▸ **Input material**
****
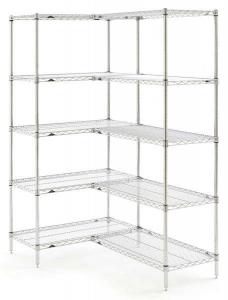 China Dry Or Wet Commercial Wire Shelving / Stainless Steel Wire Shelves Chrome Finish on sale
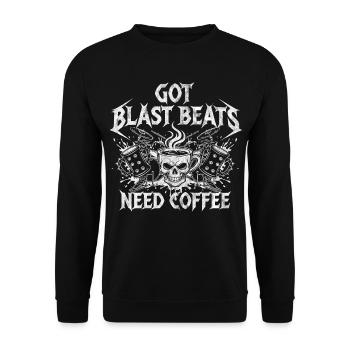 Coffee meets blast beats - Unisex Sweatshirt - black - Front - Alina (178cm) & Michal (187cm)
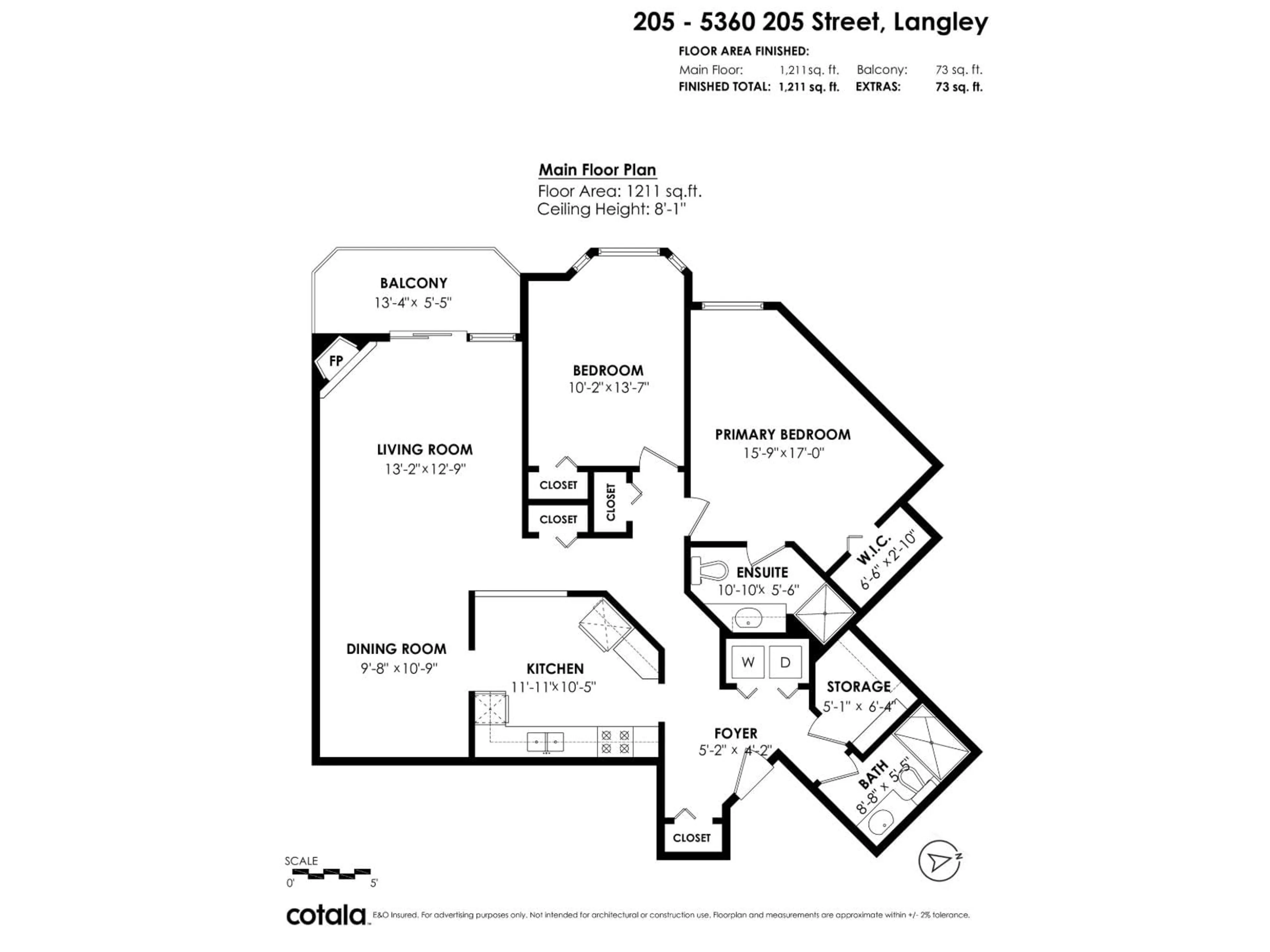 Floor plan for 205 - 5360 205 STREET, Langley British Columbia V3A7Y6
****
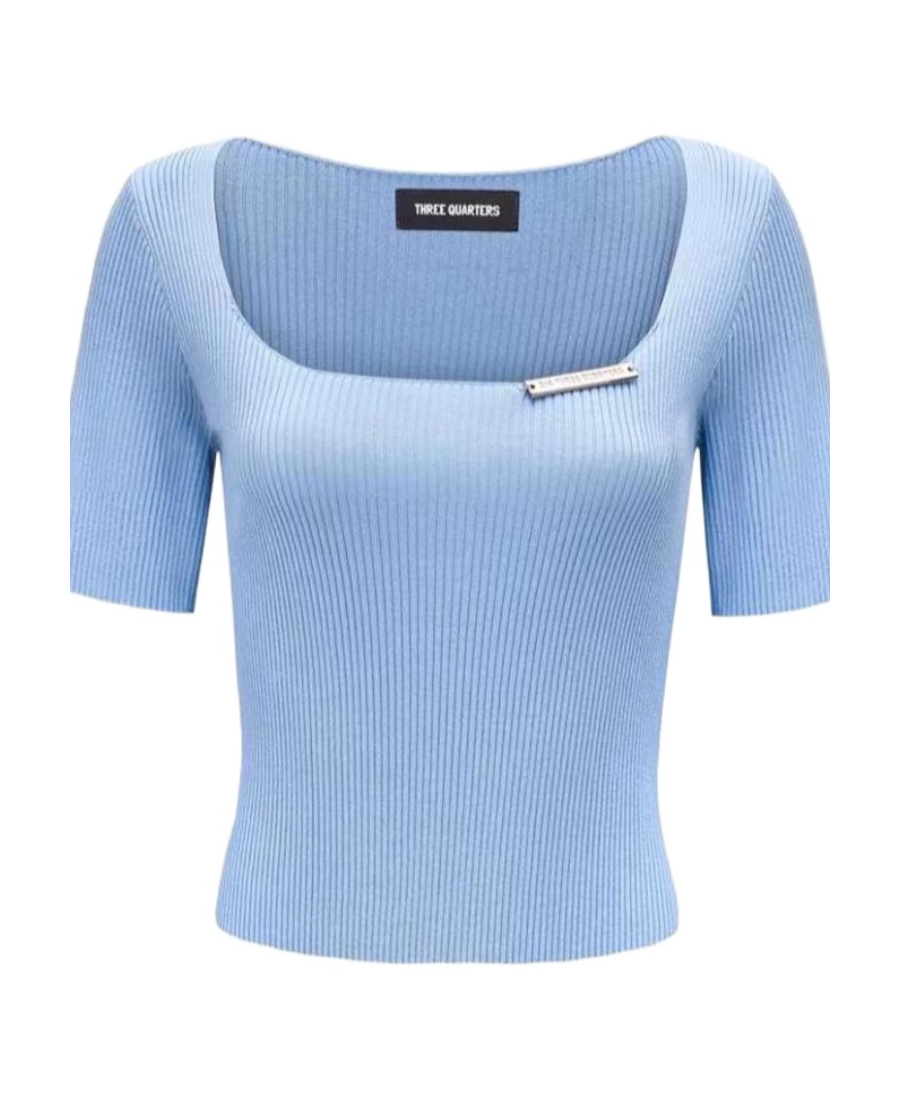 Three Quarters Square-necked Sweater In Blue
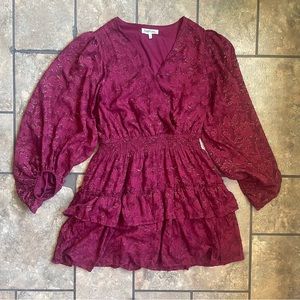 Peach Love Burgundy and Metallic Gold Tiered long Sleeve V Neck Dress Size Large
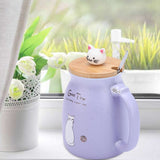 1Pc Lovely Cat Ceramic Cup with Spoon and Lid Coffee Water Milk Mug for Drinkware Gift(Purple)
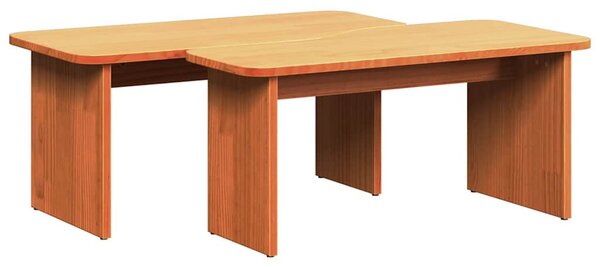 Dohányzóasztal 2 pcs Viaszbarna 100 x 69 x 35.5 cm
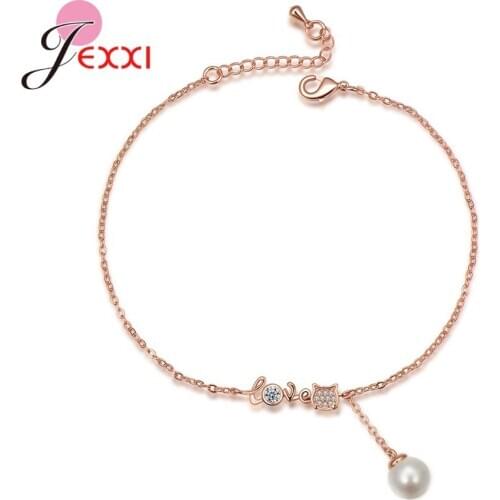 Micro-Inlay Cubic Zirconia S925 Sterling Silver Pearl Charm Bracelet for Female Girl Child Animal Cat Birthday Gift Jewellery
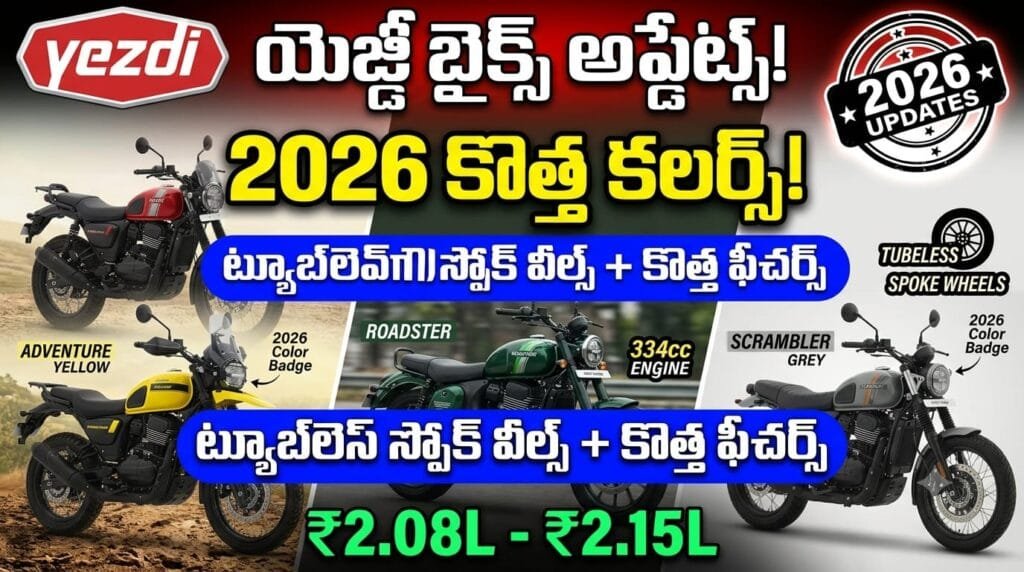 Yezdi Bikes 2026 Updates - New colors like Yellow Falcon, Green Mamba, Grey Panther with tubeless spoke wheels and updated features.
****
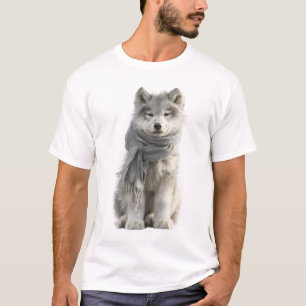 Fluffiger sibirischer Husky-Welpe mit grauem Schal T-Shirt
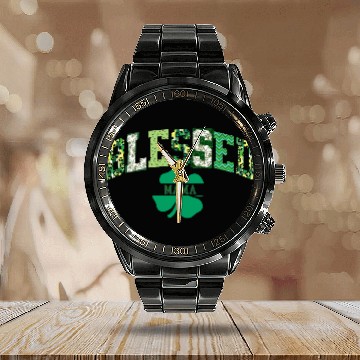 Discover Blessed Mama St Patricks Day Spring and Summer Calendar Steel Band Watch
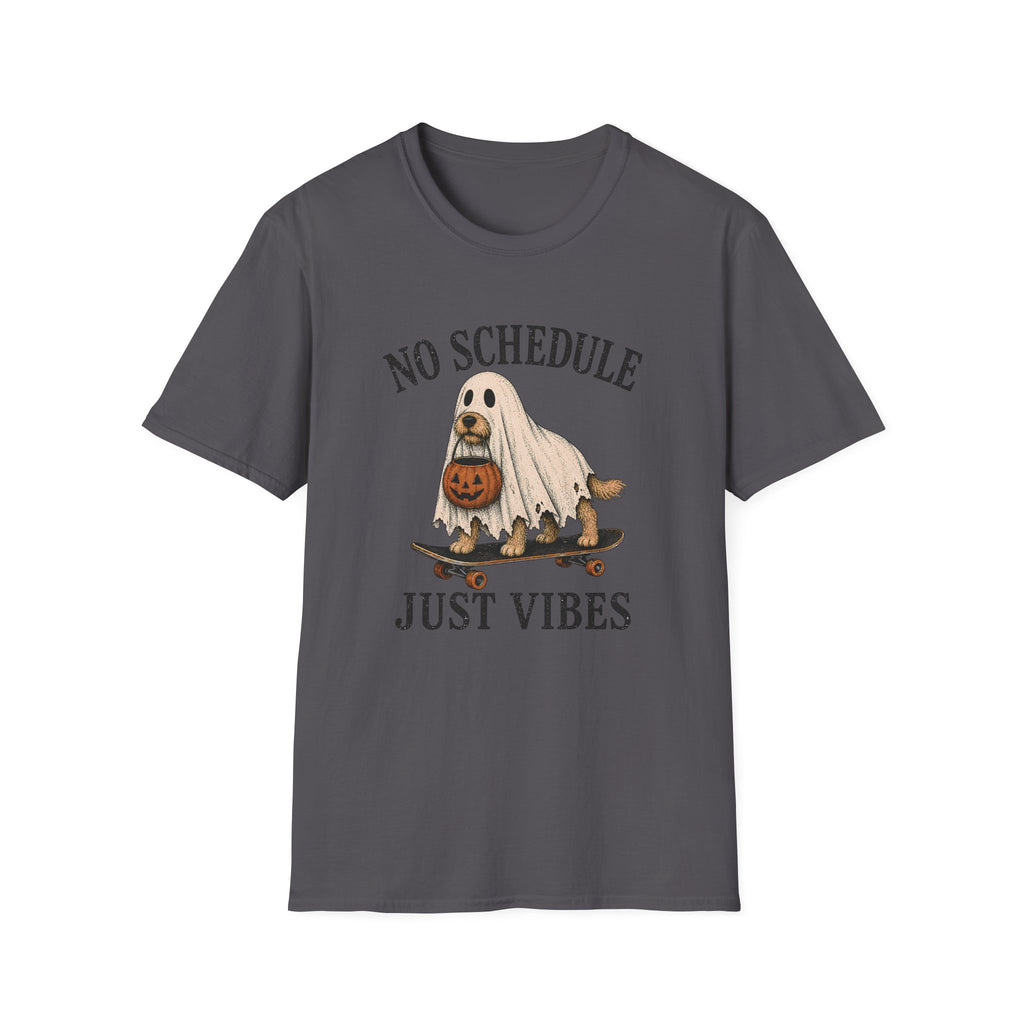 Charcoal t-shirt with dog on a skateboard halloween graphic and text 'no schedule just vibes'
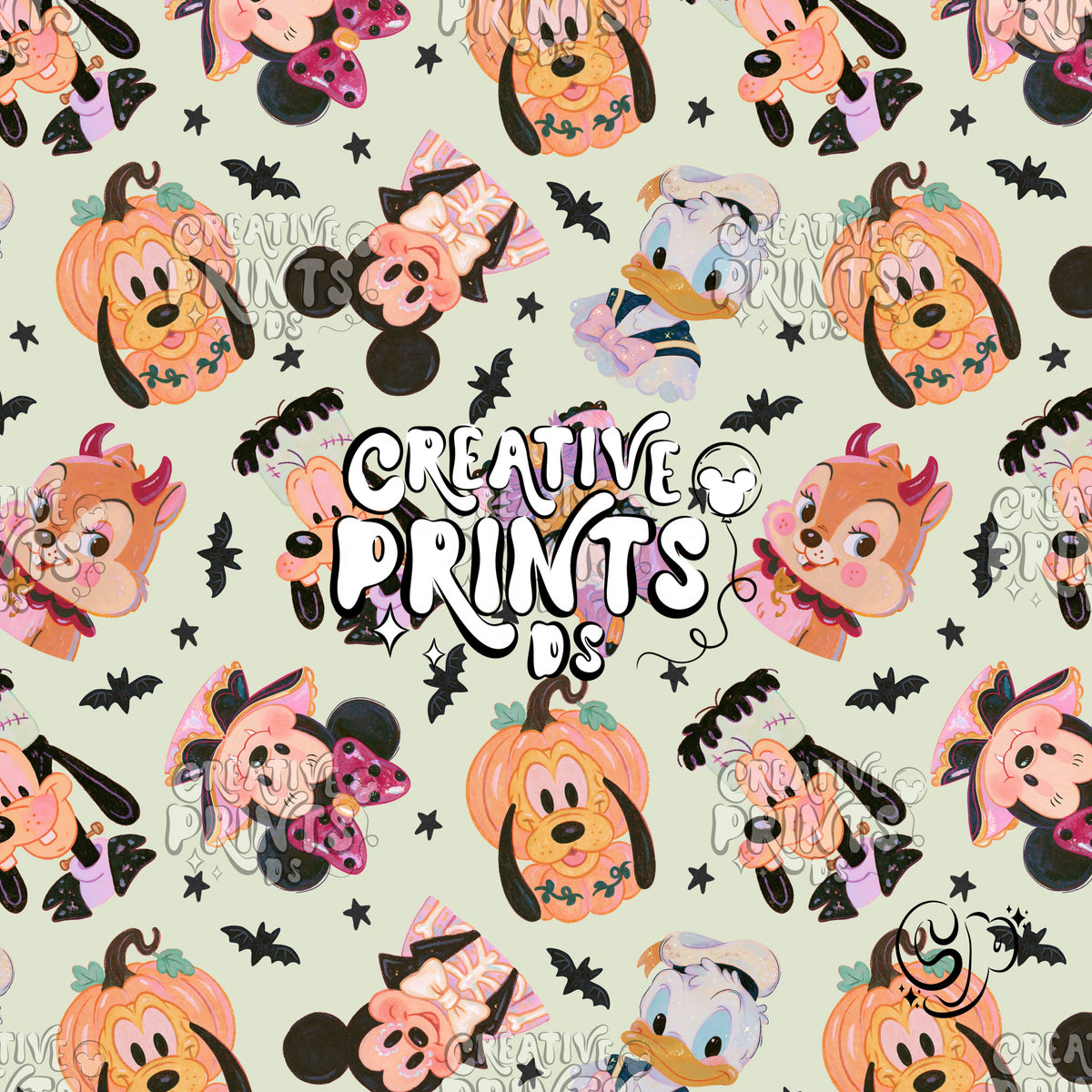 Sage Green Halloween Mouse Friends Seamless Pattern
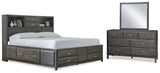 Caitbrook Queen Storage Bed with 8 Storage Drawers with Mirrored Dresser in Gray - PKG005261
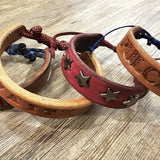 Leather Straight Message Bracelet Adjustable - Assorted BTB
****
▸ **What the task asks**
Excluding any pictures, print exactly the lines of the listing above from the line with "China Dry Or" to the line with "Floor plan for", both ends included.

▸ **Solution**
 China Dry Or Wet Commercial Wire Shelving / Stainless Steel Wire Shelves Chrome Finish on sale
 Coffee meets blast beats - Unisex Sweatshirt - black - Front - Alina (178cm) & Michal (187cm)
 Floor plan for 205 - 5360 205 STREET, Langley British Columbia V3A7Y6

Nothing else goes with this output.